# TO DO
Transcribe exactly the line containing "Volvo S60 B5 B Geartronic RDesign - 31" and each line after it, through the end of the entries, with nothing before or after.

────────────────

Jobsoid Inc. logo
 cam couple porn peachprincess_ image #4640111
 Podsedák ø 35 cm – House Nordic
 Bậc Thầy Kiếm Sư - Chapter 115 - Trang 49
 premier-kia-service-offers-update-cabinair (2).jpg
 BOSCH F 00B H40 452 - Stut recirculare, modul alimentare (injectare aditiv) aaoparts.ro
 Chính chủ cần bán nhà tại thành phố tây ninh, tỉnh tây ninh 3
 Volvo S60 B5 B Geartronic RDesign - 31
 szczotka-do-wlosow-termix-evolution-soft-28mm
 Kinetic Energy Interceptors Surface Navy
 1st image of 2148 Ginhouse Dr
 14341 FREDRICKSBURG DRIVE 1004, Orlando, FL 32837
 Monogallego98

────────────────

# WRITTEN REPLY
 Volvo S60 B5 B Geartronic RDesign - 31
 szczotka-do-wlosow-termix-evolution-soft-28mm
 Kinetic Energy Interceptors Surface Navy
 1st image of 2148 Ginhouse Dr
 14341 FREDRICKSBURG DRIVE 1004, Orlando, FL 32837
 Monogallego98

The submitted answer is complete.